- **What needs to be done**: Copy out exactly the lines beginning with the one that contains "this 852×511 image." and ending at the last line of the listing, skipping any pictures.

- **Source material**:
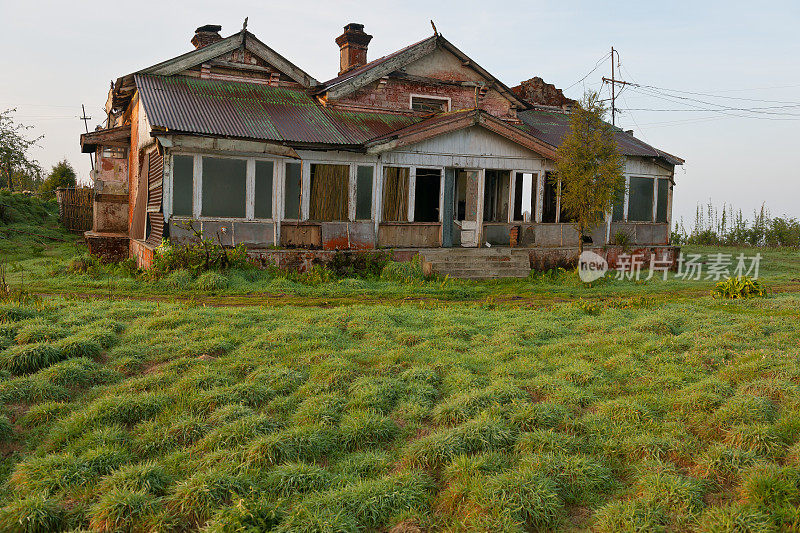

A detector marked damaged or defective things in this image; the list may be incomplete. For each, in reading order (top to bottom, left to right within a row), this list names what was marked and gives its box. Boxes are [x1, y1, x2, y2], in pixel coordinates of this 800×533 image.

broken roof section [318, 33, 532, 109]
rusty roof panel [134, 74, 422, 145]
broken roof section [137, 74, 422, 147]
rusted metal sheet [138, 74, 422, 147]
broken window [410, 95, 446, 112]
broken roof section [520, 108, 684, 165]
broken window [172, 154, 194, 216]
broken window [202, 156, 245, 218]
broken window [256, 160, 276, 218]
broken window [284, 162, 304, 220]
broken window [308, 163, 348, 219]
broken window [354, 164, 374, 218]
broken window [382, 168, 410, 222]
broken window [416, 168, 440, 222]
broken window [454, 170, 478, 220]
broken window [484, 169, 510, 221]
broken window [512, 171, 536, 219]
broken window [540, 172, 560, 222]
broken window [628, 177, 652, 220]
rusted metal sheet [376, 224, 440, 249]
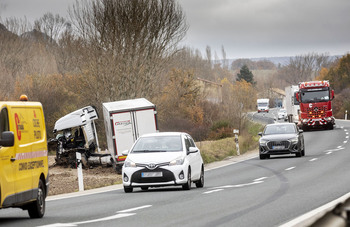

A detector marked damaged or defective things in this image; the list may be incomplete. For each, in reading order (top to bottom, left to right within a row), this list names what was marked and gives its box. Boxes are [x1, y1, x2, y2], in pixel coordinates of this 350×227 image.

damaged truck cabin [52, 105, 101, 166]
crashed vehicle [50, 105, 110, 168]
damaged truck cabin [102, 98, 159, 173]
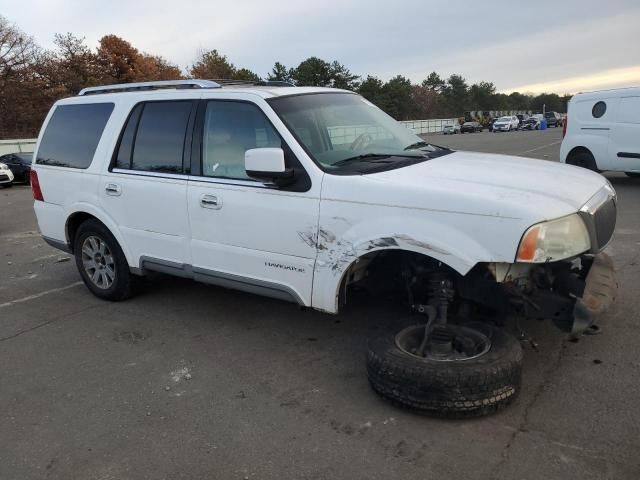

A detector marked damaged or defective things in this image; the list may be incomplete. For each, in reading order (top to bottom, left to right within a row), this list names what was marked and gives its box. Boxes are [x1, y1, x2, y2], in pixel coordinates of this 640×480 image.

detached wheel on ground [73, 220, 139, 302]
cracked asphalt [1, 128, 640, 480]
front bumper damage [462, 253, 616, 336]
detached wheel on ground [368, 324, 524, 418]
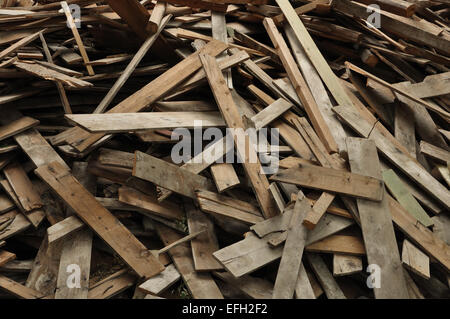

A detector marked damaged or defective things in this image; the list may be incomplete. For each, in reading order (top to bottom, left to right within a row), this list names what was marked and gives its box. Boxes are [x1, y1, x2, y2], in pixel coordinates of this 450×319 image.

splintered plank [0, 116, 38, 142]
splintered plank [0, 276, 44, 302]
splintered plank [34, 162, 165, 280]
broken wooden board [34, 162, 165, 280]
splintered plank [62, 39, 229, 153]
splintered plank [65, 112, 227, 133]
splintered plank [138, 264, 180, 296]
splintered plank [133, 152, 215, 200]
splintered plank [156, 222, 224, 300]
splintered plank [185, 200, 223, 272]
splintered plank [200, 54, 278, 220]
splintered plank [272, 192, 312, 300]
splintered plank [264, 16, 338, 154]
splintered plank [270, 164, 384, 201]
splintered plank [308, 255, 346, 300]
splintered plank [332, 255, 364, 278]
splintered plank [346, 138, 410, 300]
splintered plank [334, 105, 450, 210]
splintered plank [382, 170, 434, 228]
splintered plank [402, 240, 430, 280]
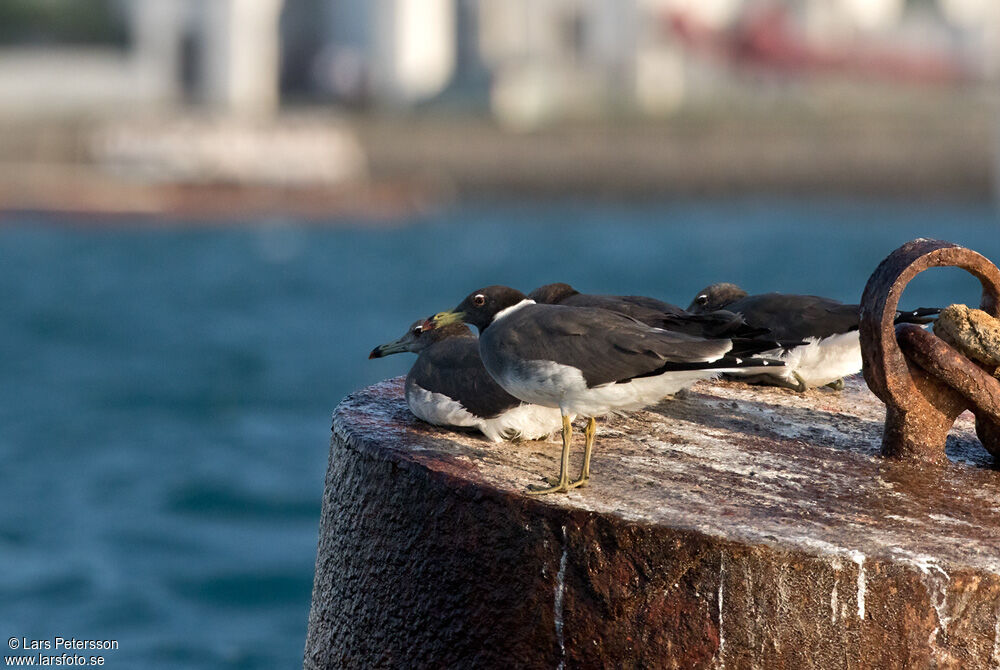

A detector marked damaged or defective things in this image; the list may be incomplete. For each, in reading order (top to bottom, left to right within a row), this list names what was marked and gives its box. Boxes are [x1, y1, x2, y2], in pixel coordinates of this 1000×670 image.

rusty metal ring [856, 239, 1000, 464]
corroded metal bolt [860, 239, 1000, 464]
rusty concrete surface [302, 376, 1000, 668]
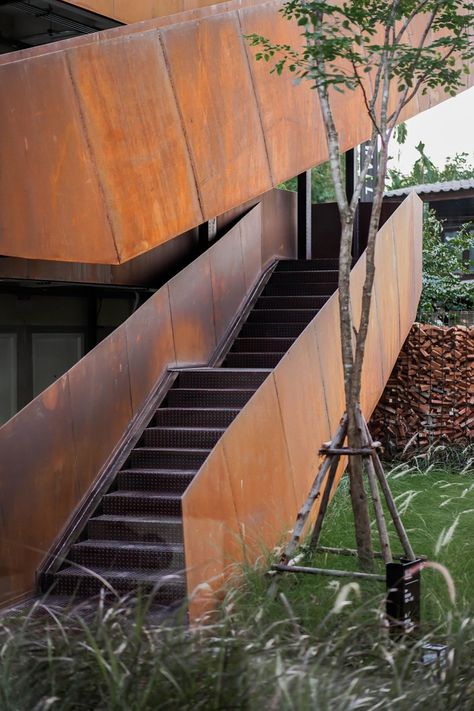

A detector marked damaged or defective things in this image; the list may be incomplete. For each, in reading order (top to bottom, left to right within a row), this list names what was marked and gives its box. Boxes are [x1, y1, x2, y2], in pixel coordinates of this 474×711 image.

rusty steel panel [0, 52, 116, 264]
rusty steel panel [66, 32, 202, 262]
rusty steel panel [159, 11, 272, 220]
rusty steel panel [0, 378, 76, 608]
rusty steel panel [67, 328, 133, 500]
rusty steel panel [125, 286, 177, 414]
rusty steel panel [168, 252, 217, 364]
rusty steel panel [181, 444, 241, 624]
rusty steel panel [211, 225, 248, 342]
rusty steel panel [221, 376, 296, 560]
rusty steel panel [183, 195, 424, 616]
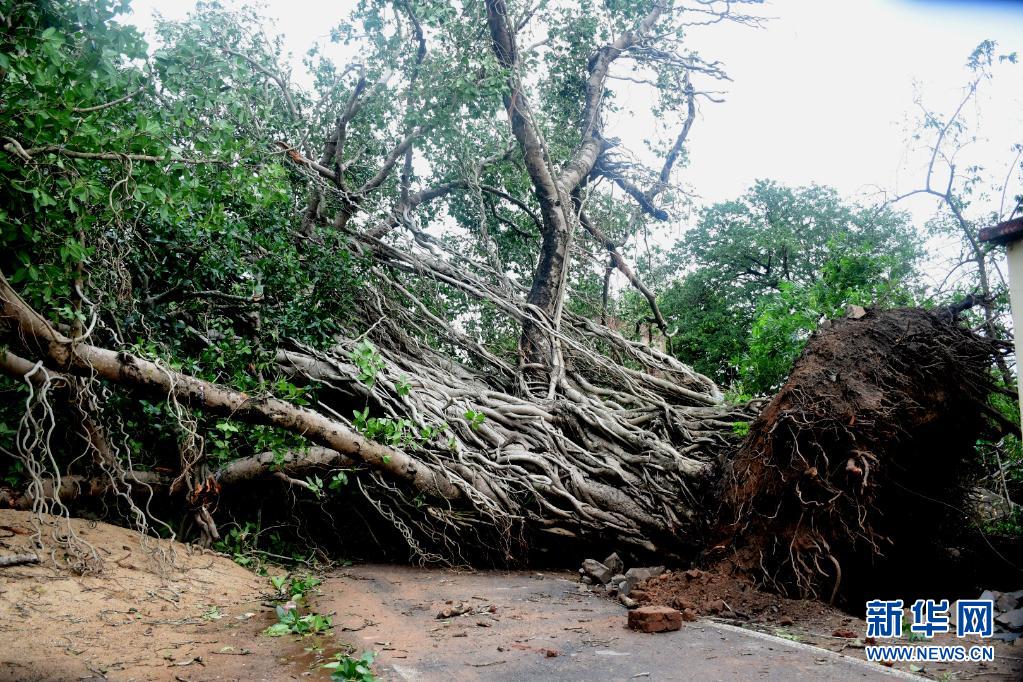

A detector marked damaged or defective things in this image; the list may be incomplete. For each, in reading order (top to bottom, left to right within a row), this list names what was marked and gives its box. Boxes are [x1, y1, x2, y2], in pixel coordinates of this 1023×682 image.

broken concrete chunk [585, 556, 605, 584]
broken concrete chunk [597, 552, 621, 580]
broken concrete chunk [626, 609, 683, 633]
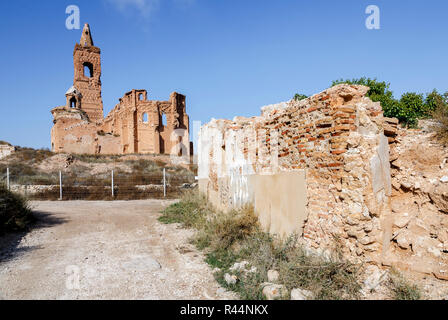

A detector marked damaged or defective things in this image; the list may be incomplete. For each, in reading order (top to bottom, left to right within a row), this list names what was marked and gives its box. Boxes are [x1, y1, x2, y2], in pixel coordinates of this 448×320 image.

war damaged facade [50, 24, 191, 156]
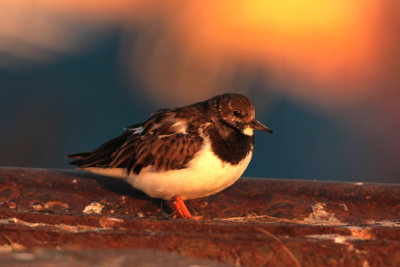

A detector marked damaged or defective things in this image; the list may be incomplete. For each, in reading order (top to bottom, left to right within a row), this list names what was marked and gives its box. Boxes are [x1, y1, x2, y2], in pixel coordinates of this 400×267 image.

rusty surface [0, 168, 400, 266]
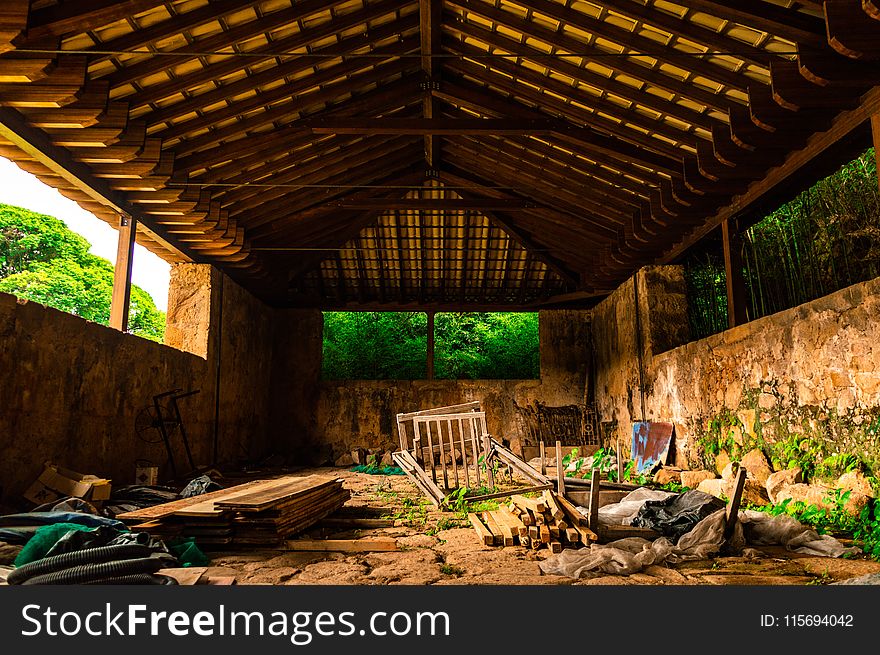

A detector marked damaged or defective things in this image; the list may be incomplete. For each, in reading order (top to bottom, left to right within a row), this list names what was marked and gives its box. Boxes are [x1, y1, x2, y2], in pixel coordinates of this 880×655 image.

broken furniture [135, 386, 200, 480]
broken furniture [115, 476, 348, 548]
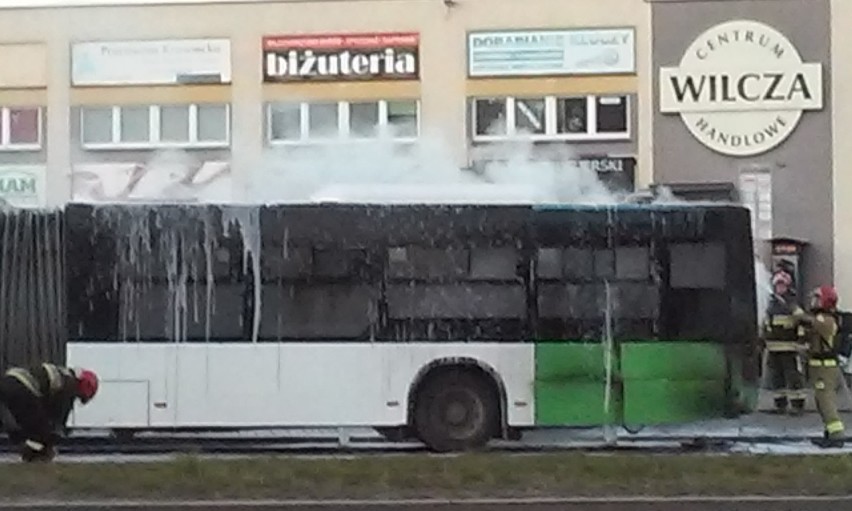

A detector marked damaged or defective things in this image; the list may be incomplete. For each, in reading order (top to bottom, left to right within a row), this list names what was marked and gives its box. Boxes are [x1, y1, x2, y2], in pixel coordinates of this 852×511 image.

burnt bus [65, 203, 760, 452]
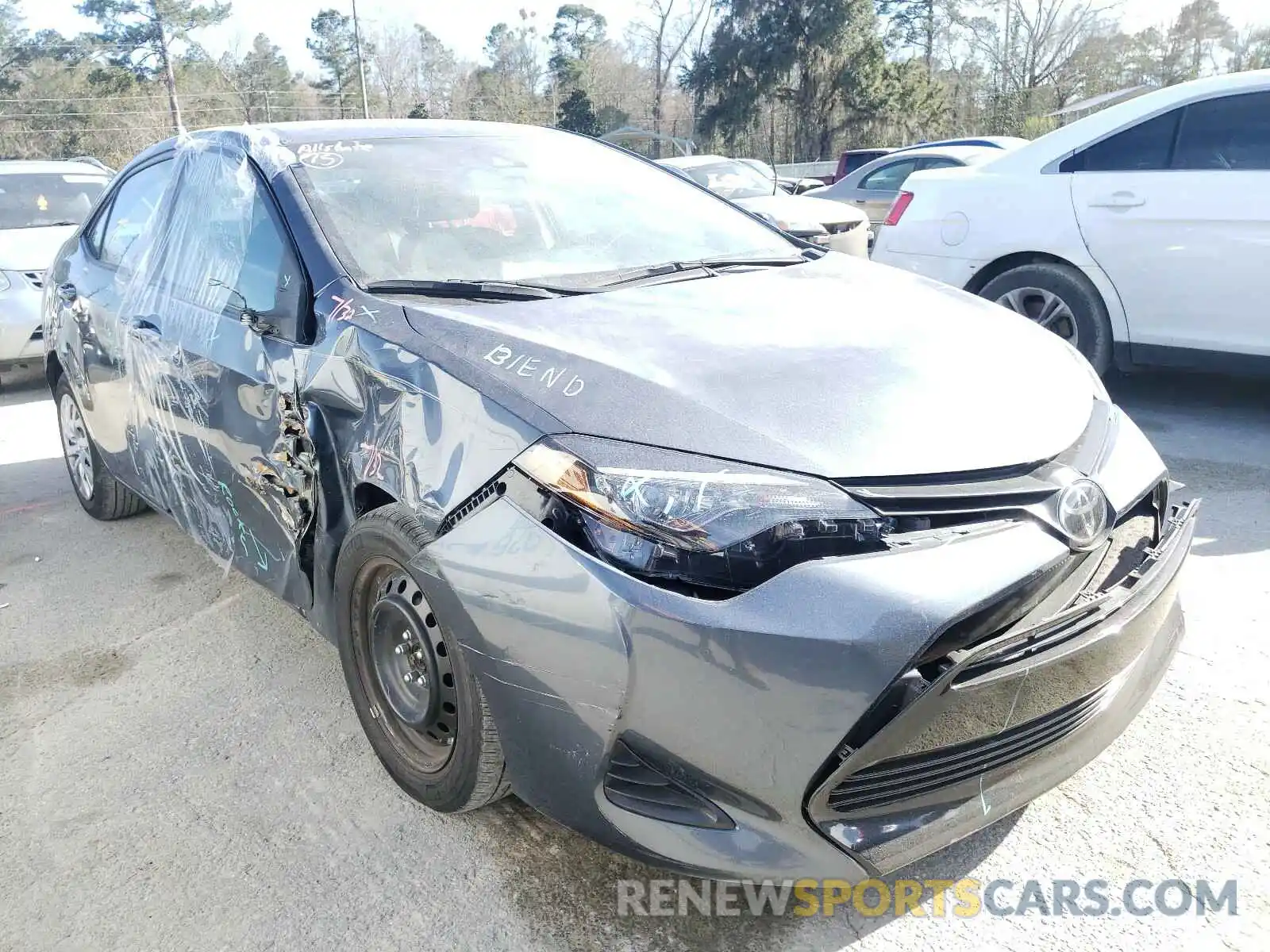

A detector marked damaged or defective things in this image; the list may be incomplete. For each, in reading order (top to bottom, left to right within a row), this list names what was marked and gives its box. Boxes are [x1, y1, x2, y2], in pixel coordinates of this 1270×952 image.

dented driver side door [129, 147, 318, 612]
exposed body damage [40, 121, 1188, 889]
damaged gray sedan [44, 123, 1194, 883]
broken headlight [510, 439, 889, 597]
cracked front bumper [416, 492, 1199, 889]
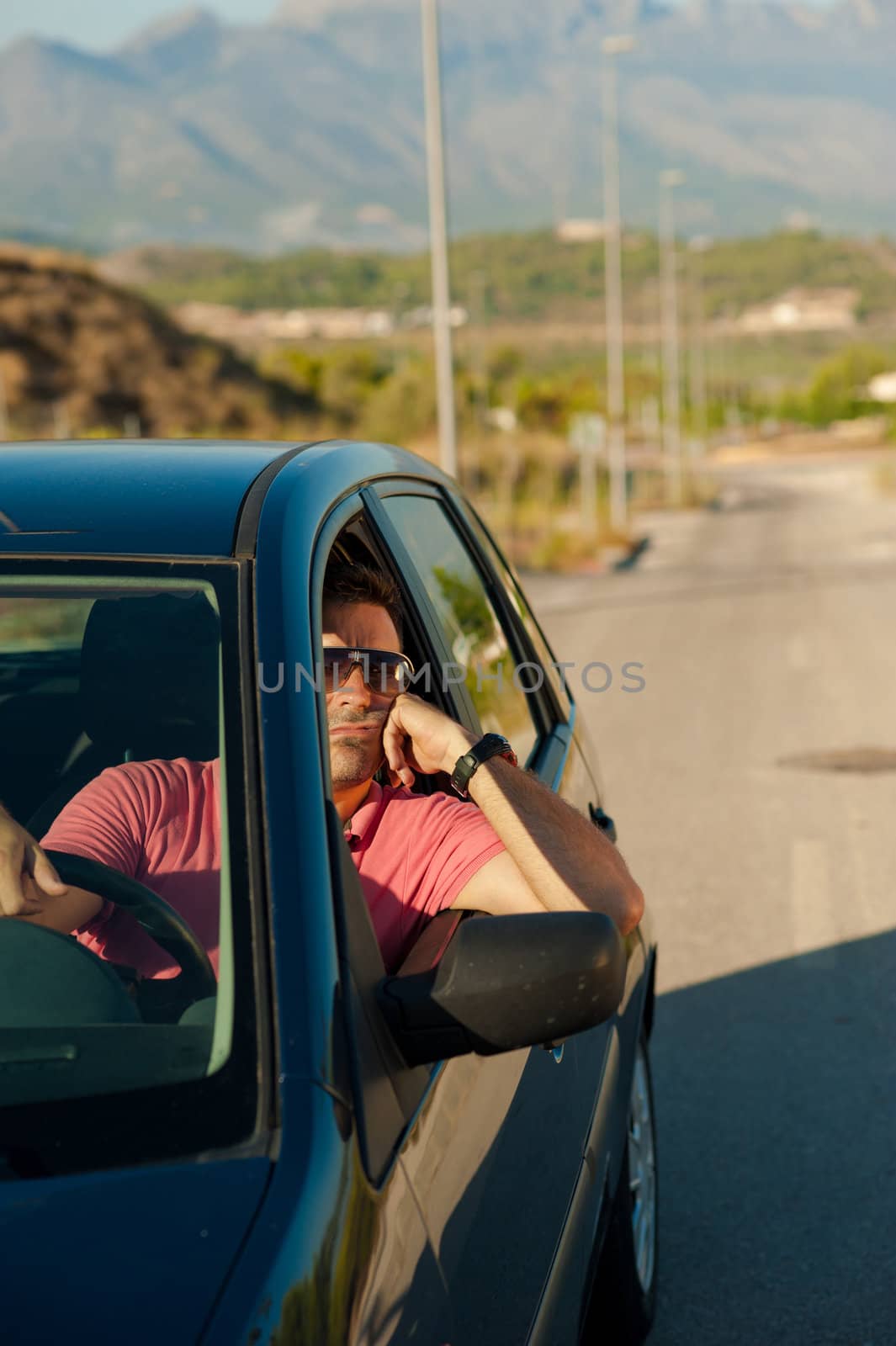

- **Solution**:
A detector marked damaged or defective things in this image; the list may be incomplete. For each, in reading order (top to bottom, left to right within a row), this list names what was marked and gives its box. Boxes are [x1, y1, x2, y2], in pixel coordinates of this 852×511 image.

burnt bus [65, 203, 760, 452]

A detector marked damaged or defective things in this image; the list may be incomplete. For each, in reading order (top to bottom, left to right within a row), this list names what was marked and gives its box. Boxes are [x1, y1, x2, y2], in pixel coordinates of this 1270×952 image.

dented driver side door [129, 147, 318, 612]
exposed body damage [40, 121, 1188, 889]
damaged gray sedan [44, 123, 1194, 883]
broken headlight [510, 439, 889, 597]
cracked front bumper [416, 492, 1199, 889]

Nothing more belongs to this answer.